- **What you will do**: What is wanted is every line below from the one with "11607 W 158th" up to and including the one with "Lei　　　　　　　　　　　　　　　　　　【極美品】FIVE WOODS", retyped exactly, pictures excluded, nothing else.

----------------

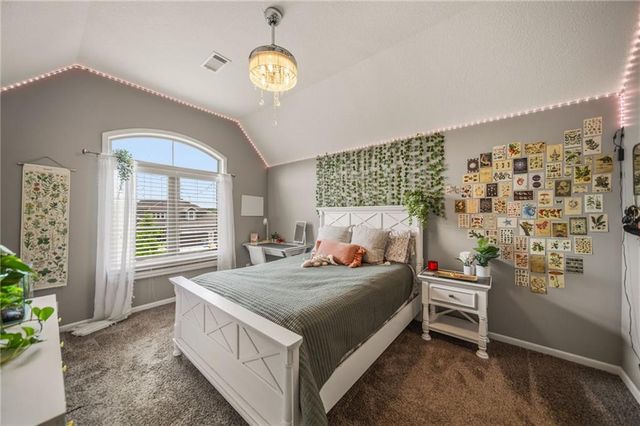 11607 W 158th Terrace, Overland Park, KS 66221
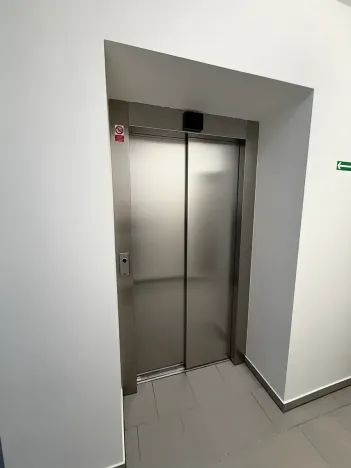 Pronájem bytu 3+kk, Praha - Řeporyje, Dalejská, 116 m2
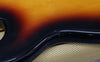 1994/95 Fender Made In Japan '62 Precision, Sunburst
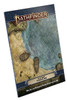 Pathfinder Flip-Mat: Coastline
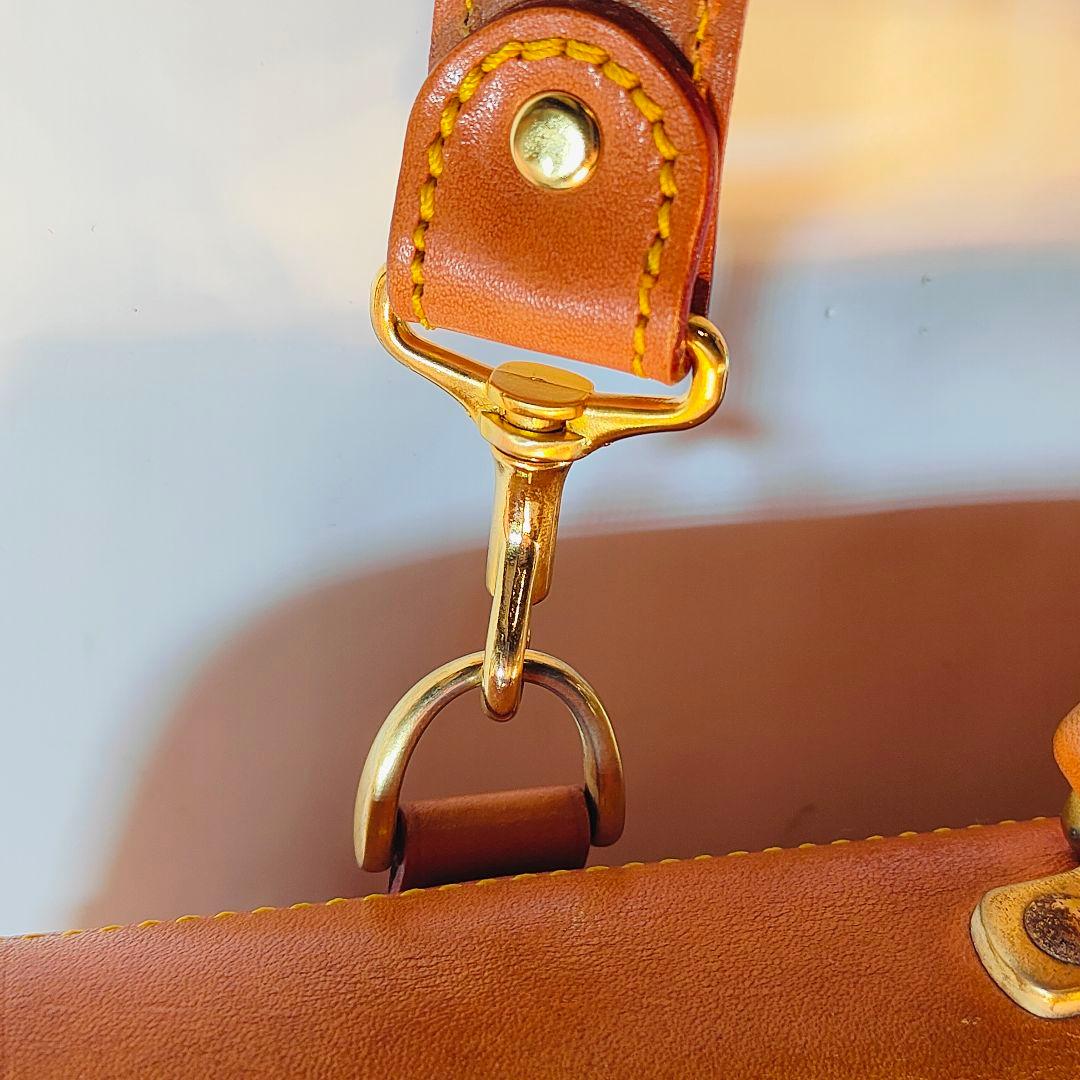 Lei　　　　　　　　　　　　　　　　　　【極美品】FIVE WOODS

----------------

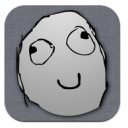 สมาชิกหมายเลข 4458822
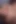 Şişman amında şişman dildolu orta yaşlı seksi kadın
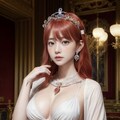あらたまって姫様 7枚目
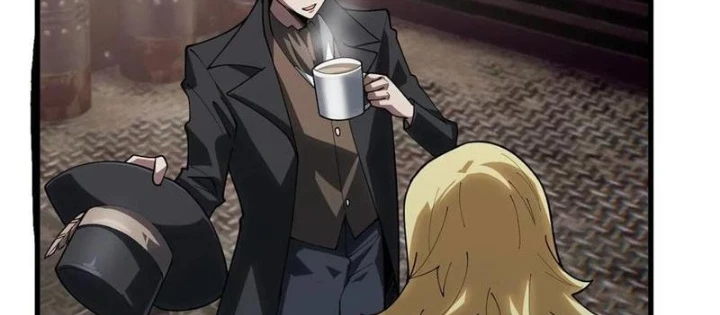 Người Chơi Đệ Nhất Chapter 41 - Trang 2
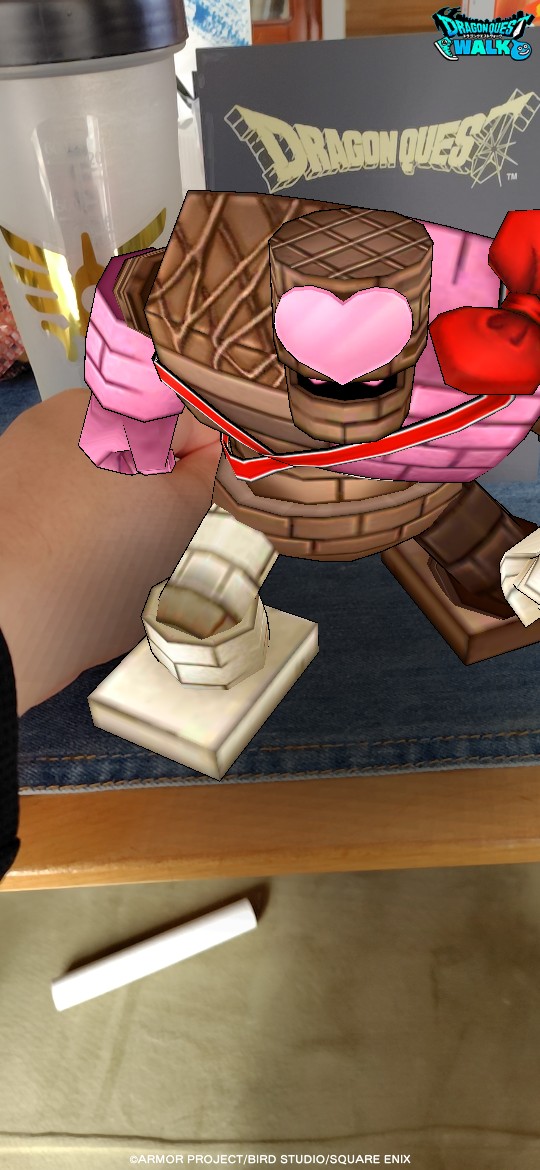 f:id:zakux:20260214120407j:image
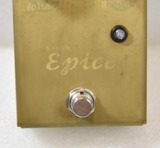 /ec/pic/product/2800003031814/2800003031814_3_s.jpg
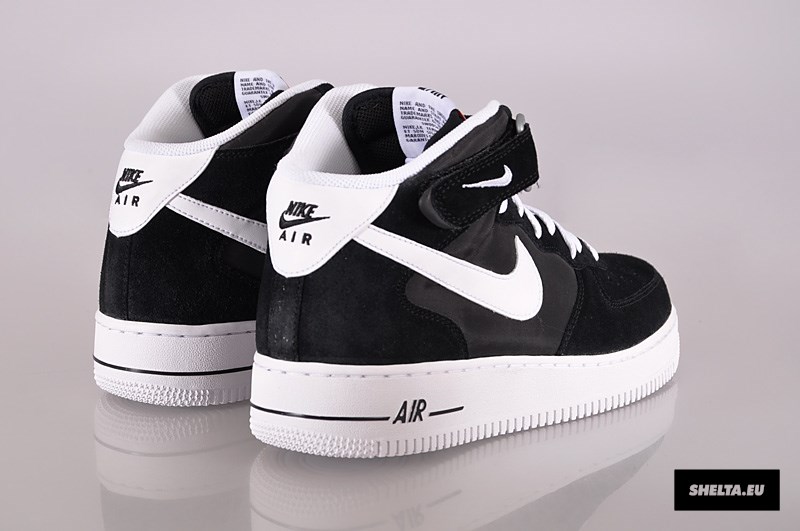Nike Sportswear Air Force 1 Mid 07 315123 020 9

----------------

- **Exercise result**:
 11607 W 158th Terrace, Overland Park, KS 66221
 Pronájem bytu 3+kk, Praha - Řeporyje, Dalejská, 116 m2
 1994/95 Fender Made In Japan '62 Precision, Sunburst
 Pathfinder Flip-Mat: Coastline
 Lei　　　　　　　　　　　　　　　　　　【極美品】FIVE WOODS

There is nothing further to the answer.